O Intercept relatou no final do mês passado. O ICE pretende contratar caçadores de recompensas e investigadores particulares. Para trabalhos de verificação ao nível da rua. Os empreiteiros usam métodos como fotografar casas, registrar pessoas indo e vindo e vigiando locais de trabalho e complexos de apartamentos para verificar os endereços residenciais e de trabalho das pessoas que serão removidas.

Esses registros descrevem a iniciativa como um programa piloto substancial, mas limitado. Foi garantido aos empreiteiros um mínimo de 250 dólares, com um rendimento por pessoa não superior a 90 milhões de dólares, e o limite geral do programa foi de 180 milhões de dólares. Embora essa estrutura sugerisse uma escala significativa, ainda enquadrava o esforço como um ensaio controlado e não como parte integrante dos esforços de remoção do ICE.

As alterações recentemente anunciadas desmontam essa estrutura. O ICE eliminou o limite de gastos do programa e o substituiu por limites significativos por fornecedor. Os empreiteiros agora podem ganhar até US$ 281,25 milhões individualmente e têm a garantia de um primeiro pedido de tarefa no valor de pelo menos US$ 7,5 milhões. Esta transição sinaliza à base contratual do ICE que já não se trata de uma experiência, mas de um investimento, e que o ICE espera que os contratantes primários aumentem o pessoal, a tecnologia e as operações de campo necessárias para servir como o ramo de facto da aplicação federal.

O Departamento de Segurança Interna, que supervisiona o ICE, não respondeu imediatamente ao pedido de comentários da WIRED.

O escopo proposto já era extenso. Explicou que o contratante recebe regularmente 50.000 casos por mês, retirados de uma lista de 1,5 milhão de pessoas. Os investigadores privados verificam a localização dos indivíduos através de corretores de dados comerciais e investigações de código aberto, bem como através de visitas pessoais quando necessário. O documento descreve uma estrutura baseada no desempenho com incentivos como bônus. As empresas receberão um preço fixo por negócio, além de bônus pela velocidade e precisão, e espera-se que os fornecedores proponham suas próprias taxas de incentivo.

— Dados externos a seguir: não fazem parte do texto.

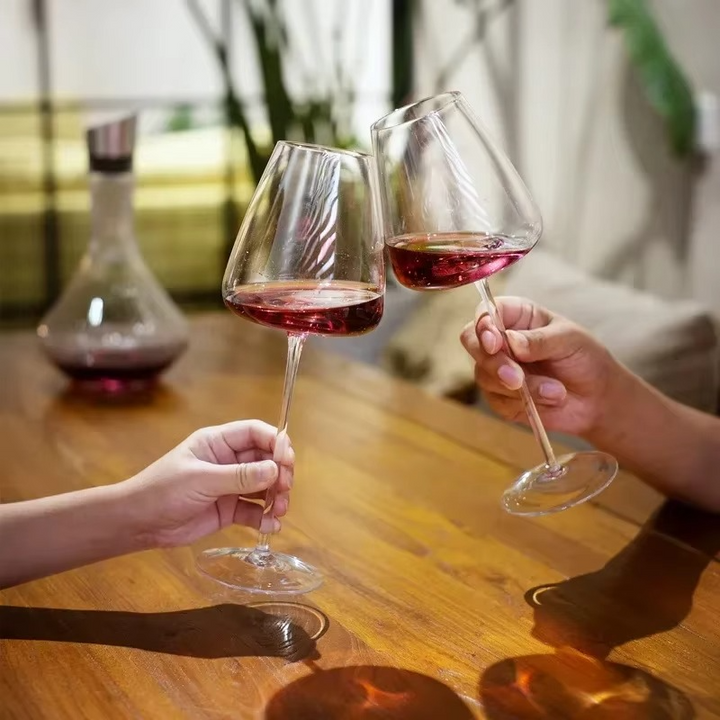 "Handgemaakt kristallen wijnglas, elegant ontwerp, glanzende helderheid, perfect voor stijlvolle tafeldecoratie."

O acordo também autoriza o Departamento de Justiça e outros departamentos do DHS a emitirem as suas próprias ordens no âmbito do programa.

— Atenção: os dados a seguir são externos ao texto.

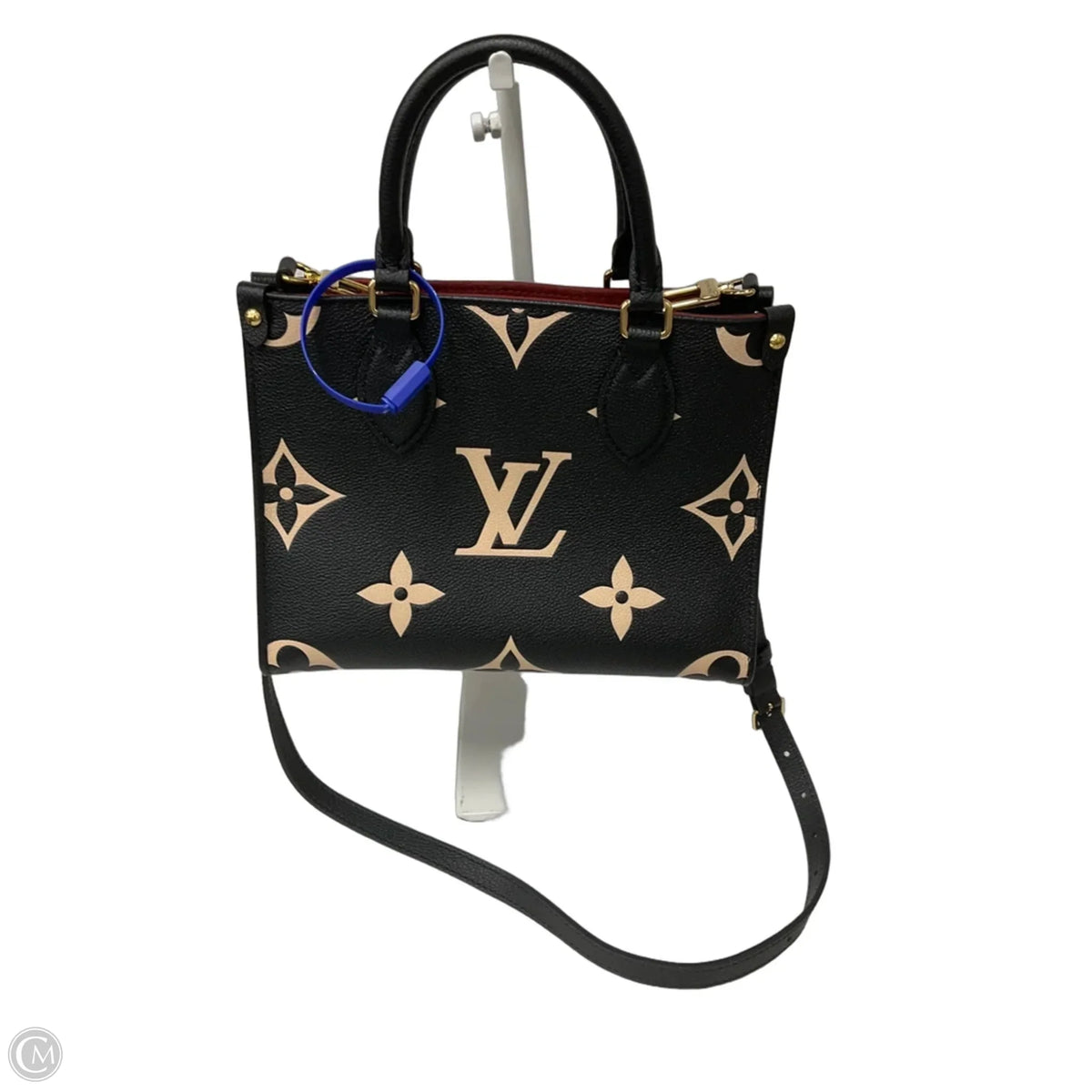 Crossbody Luxury Designer By Louis Vuitton, Size: Medium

Documentos anteriores sugeriam que os investigadores privados poderiam ter acesso ao sistema interno de gestão de casos do ICE, uma base de dados contendo fotos, detalhes biográficos, histórico de imigração e outros registos de execução. O documento alterado inverte isso, dizendo que os empreiteiros não serão autorizados a entrar nos sistemas da agência sob nenhuma circunstância. Em vez disso, o DHS envia pacotes de casos exportados para empreiteiros que contêm vários dados pessoais sobre cada alvo. Embora as alterações limitem a exposição direta ao sistema federal, ainda colocam grandes quantidades de informações sensíveis nas mãos de empresas de vigilância privadas que operam fora da supervisão pública.